The bottom line is that both companies delivered on their promise of fast production growth at a low cost, and both stocks got a boost as a result.
Rice investors, of course, must already been quite confident of that outcome given the stock’s 27 percent rise since our recommendation. Jones, on the other hand, is now down just 1 percent from our entry point after an 8 percent pop in response to the numbers.
Let’s sample Rice first. The fast-ramping Marcellus (and soon Utica) producer recorded gas sales of $102 million after increasing production nearly five-fold year-over-year. And this is just the start, with the company bringing on line in the first quarter just 4 of the 33 Marcellus wells it plans to tap this year, and with the first Utica well in the core of that play drilled but not yet tested.
The midpoint of the company’s previously provided 2014 production guidance is 36 percent above the average daily rate in the first quarter, and there’s plenty of upside to that estimate if early Utica wells prove as productive as neighboring ones drilled by rivals.

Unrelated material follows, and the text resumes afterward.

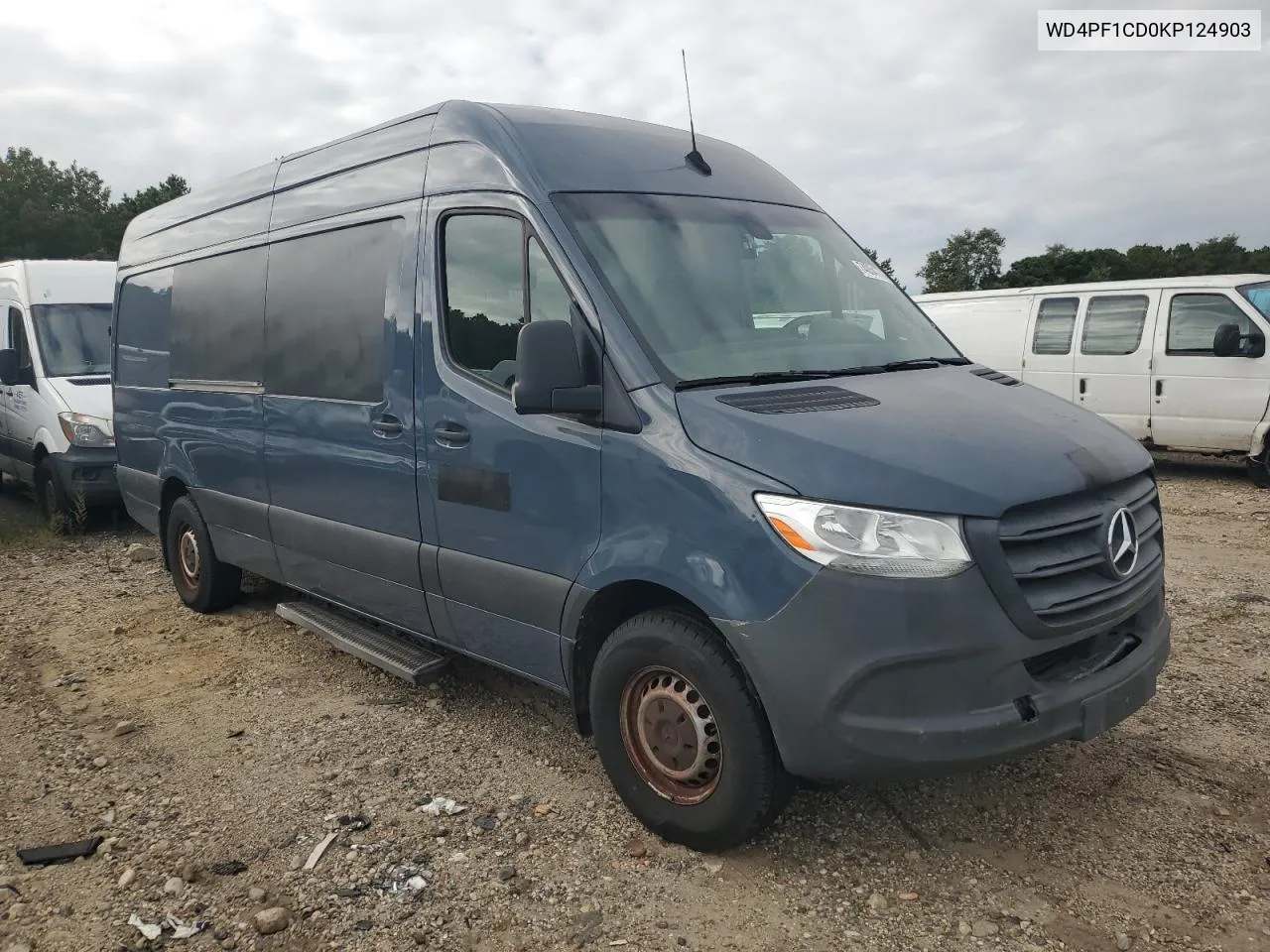 2019 Mercedes-Benz Sprinter 2500/3500 VIN: WD4PF1CD0KP124903 Lot: 74054774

In the meantime, high winter demand netted Rice $4.84 per thousand cubic feet (Mcf) for its Marcellus gas, a 30 percent price hike from a year ago. Cash lifting costs amounted to just $0.79 per Mcf, producing $35 million in operating cash flow. Contributing to those low lifting costs was Rice’s practice of building out its own midstream infrastructure, and the strong results achieved to data helped justify the recent $110 million acquisition of a gathering system overlapping future development acreage.

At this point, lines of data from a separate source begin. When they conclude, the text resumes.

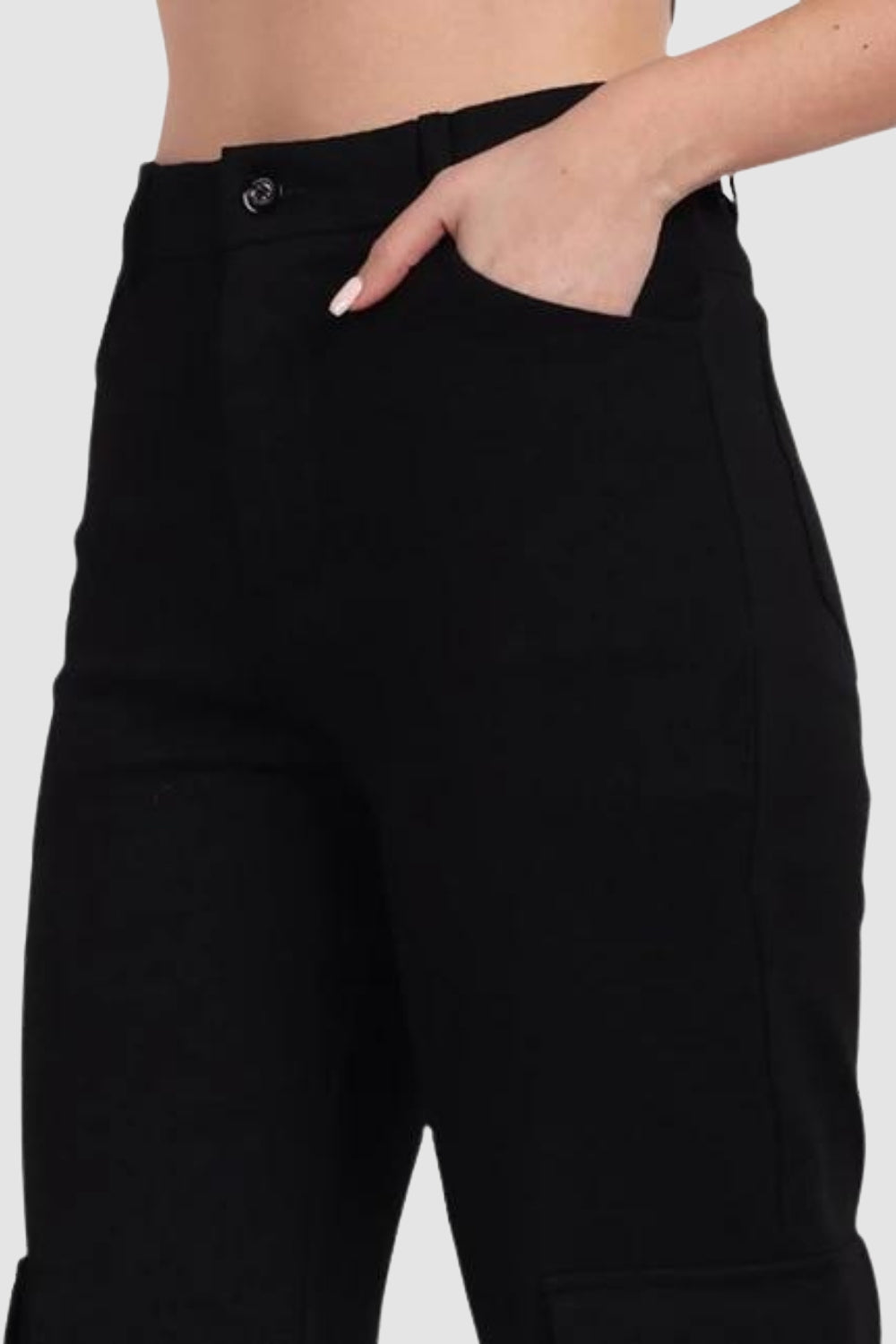 Black Relaxed Cargo Pants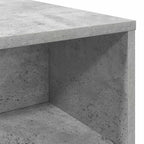 Tavolino da salotto Grigio cemento 100 x 50 x 40 cm
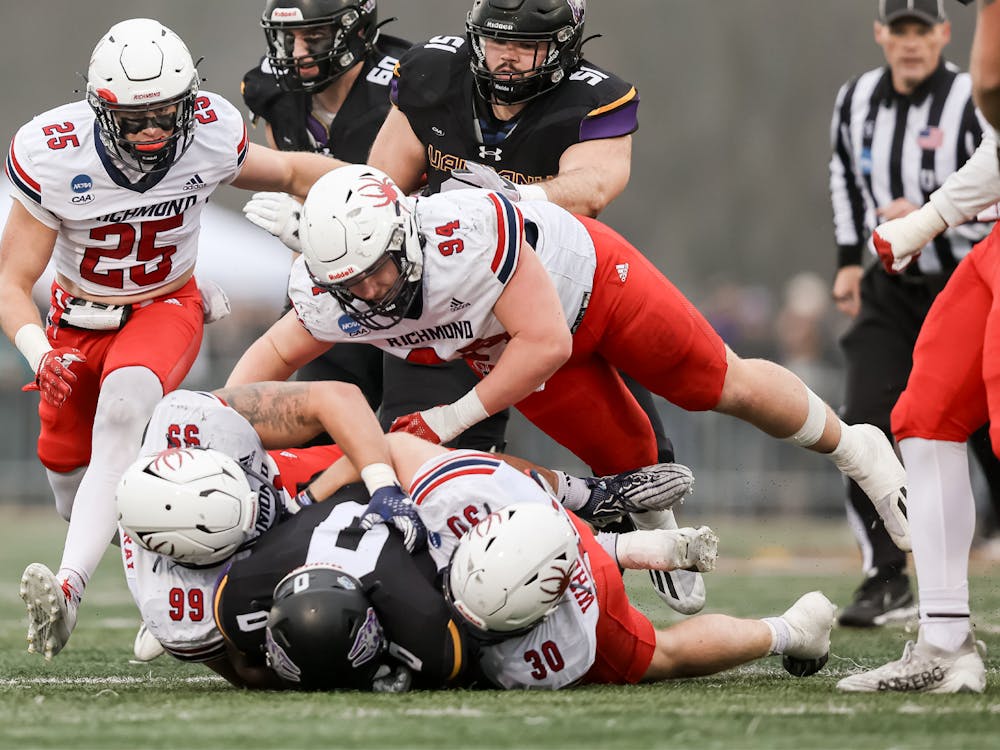 Richmond Spiders during football game against Albany during the second round of FCS playoffs. Photo courtesy of Richmond Athletics.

The stock rose 6 percent on May 13 in response to the reported upside to Wall Street’s consensus earnings estimate. It seems likely to keep marching higher, and we’re raising our price target to permit continued accumulation. Buy RICE below $33.

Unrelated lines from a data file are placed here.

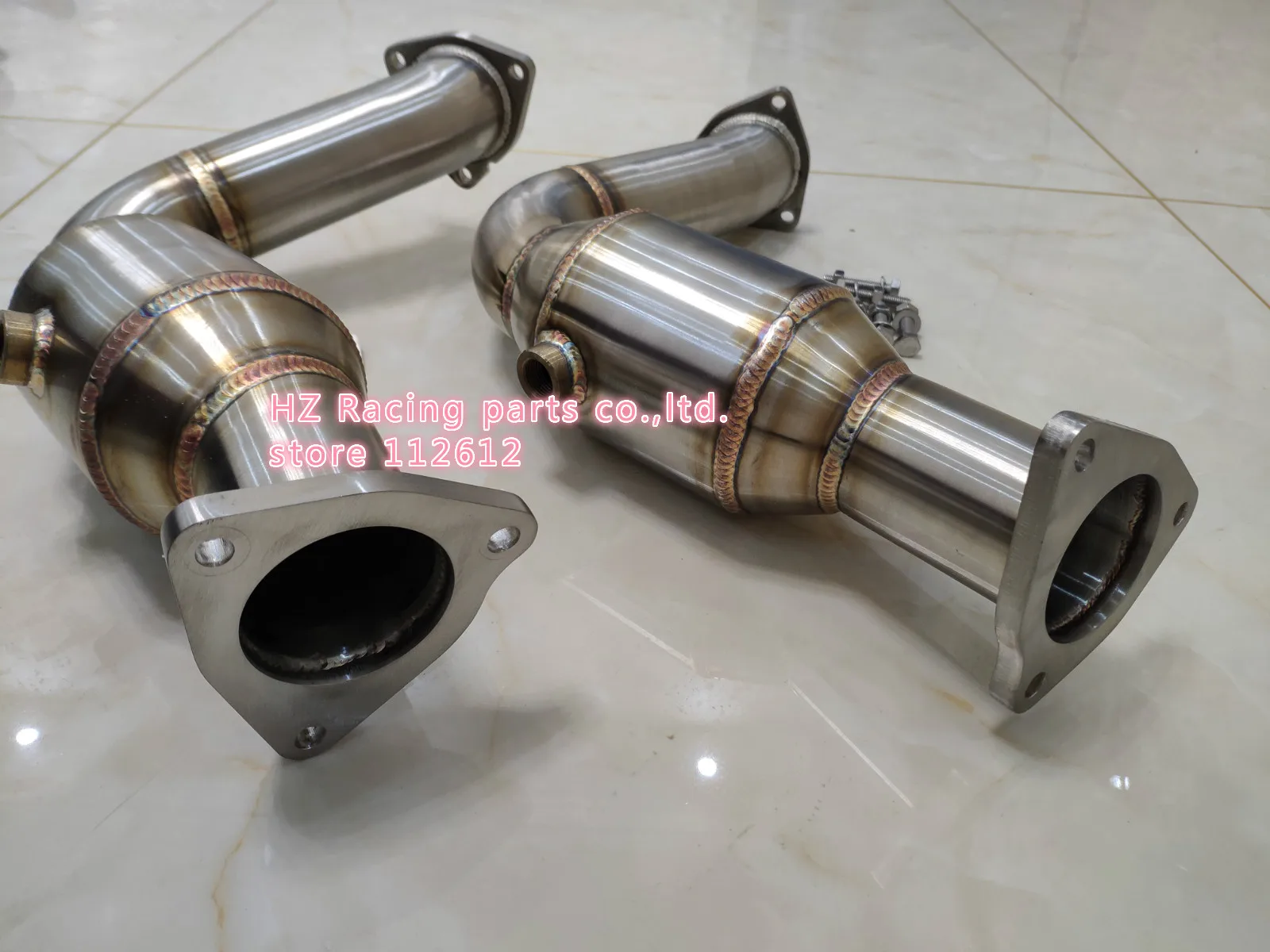 New design top grade downpipe for audi A4 S4 B8 B8.5 A5 S5 Q5 SQ5 A6 C7 A7 A8 D4 3.0 TFSI DECAT Downpipe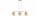 Pendelleuchte Beige Gold Metall E27 L:60 cm 3-flammig
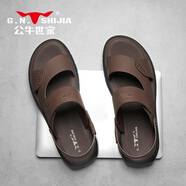 公牛世家 G.N.SHIJIA沙灘鞋男 棕色 42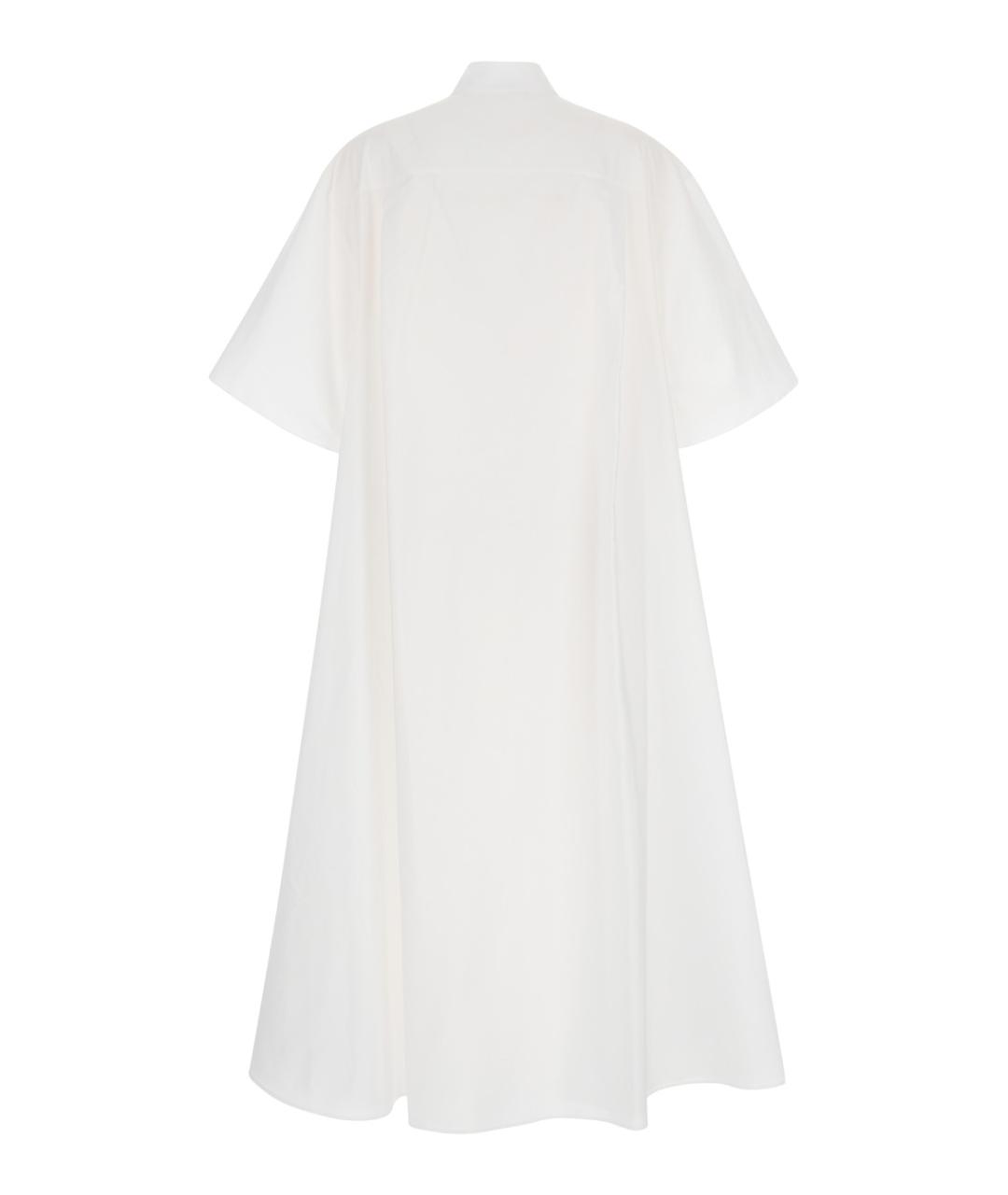 THE ROW Белое хлопковое повседневное платье, фото 2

Jones also reported very strong results, with production exceeding prior guidance by some 5 percent despite weather related disruptions, rising 19 percent sequentially and 35 percent year-over-year. It has been targeting a 32 percent output gain for all of 2014, a goal that now looks a bit low. Better still, much of the growth is coming out of the liquids-rich Cleveland play, where output grew 44 percent sequentially and 73 percent year-over-year, pushing the share of revenue from crude sales above 50 percent.
This in turn produced a 38 percent increase in EBITDAX, helped by the fact that Jones has not seen any pressure on its operating costs. These remain well below other drillers in the Cleveland, aiding the company’s drive to acquire additional acreage and to finance much of this year’s drilling program from cash flow. In addition to developing the Cleveland Jones is also exploring and acquiring leases in the even oilier Tonkawa formation, also in the Anadarko Basin overlapping the Texas and Oklahoma panhandles. The company recently acquired a lot of liquidity by selling $500 million of 8-year-notes at a yield of 6.75 percent. Yet its enterprise value remains at just 5 times this year’s expected EBITDA, this for a company with the acreage, expertise and prospective returns to maintain a high growth rate in 2015 in beyond even if energy prices retreat.
Management promised a decision by the next quarterly report on a new experimental frac design that boosted production as well as costs in the trial run. But the current method looks plenty good enough to generate significant capital gains from here. Buy #13-ranked Best Buy JONE below $21.